(Study material)
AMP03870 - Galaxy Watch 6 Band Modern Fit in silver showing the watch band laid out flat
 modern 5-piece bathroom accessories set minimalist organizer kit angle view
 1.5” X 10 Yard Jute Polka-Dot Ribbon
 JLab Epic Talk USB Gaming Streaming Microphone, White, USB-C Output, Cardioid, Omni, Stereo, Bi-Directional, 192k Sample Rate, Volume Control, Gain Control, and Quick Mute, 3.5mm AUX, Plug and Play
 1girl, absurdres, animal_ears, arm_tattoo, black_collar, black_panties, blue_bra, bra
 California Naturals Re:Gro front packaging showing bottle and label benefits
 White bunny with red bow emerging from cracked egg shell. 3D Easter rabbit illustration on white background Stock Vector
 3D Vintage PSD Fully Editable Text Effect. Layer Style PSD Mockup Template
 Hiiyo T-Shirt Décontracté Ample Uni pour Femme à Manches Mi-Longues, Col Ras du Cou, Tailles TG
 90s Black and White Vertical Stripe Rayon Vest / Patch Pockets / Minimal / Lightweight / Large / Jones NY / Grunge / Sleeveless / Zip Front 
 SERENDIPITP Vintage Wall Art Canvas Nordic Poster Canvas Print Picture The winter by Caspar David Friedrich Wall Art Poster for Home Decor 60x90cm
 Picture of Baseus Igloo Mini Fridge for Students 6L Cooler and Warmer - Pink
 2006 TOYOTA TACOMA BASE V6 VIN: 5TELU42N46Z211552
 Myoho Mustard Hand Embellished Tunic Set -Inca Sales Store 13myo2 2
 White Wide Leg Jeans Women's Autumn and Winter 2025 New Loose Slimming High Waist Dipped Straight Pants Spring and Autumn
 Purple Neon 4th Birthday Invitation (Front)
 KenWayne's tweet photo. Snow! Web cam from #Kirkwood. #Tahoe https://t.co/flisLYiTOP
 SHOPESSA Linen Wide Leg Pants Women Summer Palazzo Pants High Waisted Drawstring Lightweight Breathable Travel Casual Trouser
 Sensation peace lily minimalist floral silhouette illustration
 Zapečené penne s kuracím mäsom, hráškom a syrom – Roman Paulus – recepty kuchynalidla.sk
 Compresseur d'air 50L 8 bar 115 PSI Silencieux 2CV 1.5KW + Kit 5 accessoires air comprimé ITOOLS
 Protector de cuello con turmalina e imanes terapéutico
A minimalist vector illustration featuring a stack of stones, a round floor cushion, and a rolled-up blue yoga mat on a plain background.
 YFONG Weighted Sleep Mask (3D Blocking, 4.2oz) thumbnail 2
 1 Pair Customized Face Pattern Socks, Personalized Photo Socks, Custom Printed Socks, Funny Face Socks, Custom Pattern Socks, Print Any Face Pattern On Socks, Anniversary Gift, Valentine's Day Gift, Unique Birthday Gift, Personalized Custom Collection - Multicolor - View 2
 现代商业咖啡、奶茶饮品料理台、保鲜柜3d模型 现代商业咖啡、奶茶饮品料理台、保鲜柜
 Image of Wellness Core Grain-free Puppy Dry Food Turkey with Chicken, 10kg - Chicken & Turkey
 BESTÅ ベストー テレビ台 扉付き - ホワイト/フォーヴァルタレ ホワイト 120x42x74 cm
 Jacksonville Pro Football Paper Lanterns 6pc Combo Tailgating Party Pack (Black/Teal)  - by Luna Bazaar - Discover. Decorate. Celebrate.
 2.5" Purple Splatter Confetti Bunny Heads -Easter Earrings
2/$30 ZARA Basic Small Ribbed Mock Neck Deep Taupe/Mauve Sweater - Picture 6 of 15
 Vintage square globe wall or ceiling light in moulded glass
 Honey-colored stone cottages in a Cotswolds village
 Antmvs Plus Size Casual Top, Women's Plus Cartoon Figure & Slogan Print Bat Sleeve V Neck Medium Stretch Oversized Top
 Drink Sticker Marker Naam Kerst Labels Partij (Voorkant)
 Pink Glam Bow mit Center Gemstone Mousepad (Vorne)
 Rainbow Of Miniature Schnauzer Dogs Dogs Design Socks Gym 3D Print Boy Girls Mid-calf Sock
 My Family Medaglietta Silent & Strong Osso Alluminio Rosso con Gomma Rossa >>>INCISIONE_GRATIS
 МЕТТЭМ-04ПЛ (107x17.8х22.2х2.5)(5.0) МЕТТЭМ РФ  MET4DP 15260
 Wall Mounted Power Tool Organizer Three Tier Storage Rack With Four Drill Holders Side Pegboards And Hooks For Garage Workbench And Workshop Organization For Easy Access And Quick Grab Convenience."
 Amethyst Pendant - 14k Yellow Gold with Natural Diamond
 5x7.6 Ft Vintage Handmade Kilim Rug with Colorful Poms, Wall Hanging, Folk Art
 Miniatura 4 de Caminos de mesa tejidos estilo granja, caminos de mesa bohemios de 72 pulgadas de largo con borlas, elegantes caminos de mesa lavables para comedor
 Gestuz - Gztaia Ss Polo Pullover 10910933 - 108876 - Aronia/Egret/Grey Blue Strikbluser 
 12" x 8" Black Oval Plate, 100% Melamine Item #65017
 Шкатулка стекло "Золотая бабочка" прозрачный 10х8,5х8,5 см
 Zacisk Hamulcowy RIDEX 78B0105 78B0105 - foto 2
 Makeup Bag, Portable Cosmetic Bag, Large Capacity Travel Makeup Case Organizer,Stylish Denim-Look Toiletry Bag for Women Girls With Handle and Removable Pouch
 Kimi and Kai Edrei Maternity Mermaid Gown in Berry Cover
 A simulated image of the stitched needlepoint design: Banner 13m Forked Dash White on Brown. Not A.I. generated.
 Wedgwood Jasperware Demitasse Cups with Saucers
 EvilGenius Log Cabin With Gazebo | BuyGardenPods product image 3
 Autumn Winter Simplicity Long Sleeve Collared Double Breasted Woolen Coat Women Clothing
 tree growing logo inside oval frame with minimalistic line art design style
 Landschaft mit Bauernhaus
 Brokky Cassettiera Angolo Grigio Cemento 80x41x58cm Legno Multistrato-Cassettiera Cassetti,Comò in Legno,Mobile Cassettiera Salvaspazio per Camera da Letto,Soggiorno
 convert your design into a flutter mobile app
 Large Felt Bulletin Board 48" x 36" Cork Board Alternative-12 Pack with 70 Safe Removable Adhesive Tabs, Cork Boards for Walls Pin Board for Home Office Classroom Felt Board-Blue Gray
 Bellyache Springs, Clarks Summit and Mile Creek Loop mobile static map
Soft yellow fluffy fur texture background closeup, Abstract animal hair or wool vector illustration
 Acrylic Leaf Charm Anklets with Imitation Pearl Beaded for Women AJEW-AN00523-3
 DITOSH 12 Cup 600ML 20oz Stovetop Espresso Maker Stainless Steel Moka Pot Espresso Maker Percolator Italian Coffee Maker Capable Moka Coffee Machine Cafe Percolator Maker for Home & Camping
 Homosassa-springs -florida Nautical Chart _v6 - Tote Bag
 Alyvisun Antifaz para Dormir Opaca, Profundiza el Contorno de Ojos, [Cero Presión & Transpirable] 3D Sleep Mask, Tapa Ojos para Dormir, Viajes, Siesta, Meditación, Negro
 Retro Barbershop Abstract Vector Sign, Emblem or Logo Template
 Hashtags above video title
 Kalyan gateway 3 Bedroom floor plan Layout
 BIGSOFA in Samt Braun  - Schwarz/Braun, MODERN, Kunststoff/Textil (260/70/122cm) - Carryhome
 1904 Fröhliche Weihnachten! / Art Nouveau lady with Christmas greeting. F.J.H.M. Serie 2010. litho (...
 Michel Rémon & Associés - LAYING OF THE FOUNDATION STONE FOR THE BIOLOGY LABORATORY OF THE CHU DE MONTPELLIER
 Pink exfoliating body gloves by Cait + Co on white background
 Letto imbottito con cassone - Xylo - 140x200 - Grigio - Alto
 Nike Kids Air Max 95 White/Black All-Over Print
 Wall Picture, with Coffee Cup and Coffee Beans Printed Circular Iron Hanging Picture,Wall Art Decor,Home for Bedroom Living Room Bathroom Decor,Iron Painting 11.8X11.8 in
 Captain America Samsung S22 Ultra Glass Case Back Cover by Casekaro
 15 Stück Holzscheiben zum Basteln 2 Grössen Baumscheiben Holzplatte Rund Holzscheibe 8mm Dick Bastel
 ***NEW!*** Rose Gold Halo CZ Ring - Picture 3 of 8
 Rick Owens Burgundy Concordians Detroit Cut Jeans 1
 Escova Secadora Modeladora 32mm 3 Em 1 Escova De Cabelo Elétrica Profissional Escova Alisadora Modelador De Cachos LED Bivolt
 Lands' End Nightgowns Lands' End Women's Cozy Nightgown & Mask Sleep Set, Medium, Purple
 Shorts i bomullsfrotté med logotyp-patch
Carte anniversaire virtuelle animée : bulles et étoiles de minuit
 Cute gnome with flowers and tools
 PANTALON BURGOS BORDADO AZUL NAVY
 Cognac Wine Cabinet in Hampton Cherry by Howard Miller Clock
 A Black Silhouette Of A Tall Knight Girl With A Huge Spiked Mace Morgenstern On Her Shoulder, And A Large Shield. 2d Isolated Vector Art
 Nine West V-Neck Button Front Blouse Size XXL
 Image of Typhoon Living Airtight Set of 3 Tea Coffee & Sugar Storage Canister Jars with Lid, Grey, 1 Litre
(End Study material)
> _Required work_
Begin at the line above that has "1904 Fröhliche Weihnachten!" and stop after the line that has "Nike Kids Air", copying each line exactly and adding nothing else.

> _Output for this task_
 1904 Fröhliche Weihnachten! / Art Nouveau lady with Christmas greeting. F.J.H.M. Serie 2010. litho (...
 Michel Rémon & Associés - LAYING OF THE FOUNDATION STONE FOR THE BIOLOGY LABORATORY OF THE CHU DE MONTPELLIER
 Pink exfoliating body gloves by Cait + Co on white background
 Letto imbottito con cassone - Xylo - 140x200 - Grigio - Alto
 Nike Kids Air Max 95 White/Black All-Over Print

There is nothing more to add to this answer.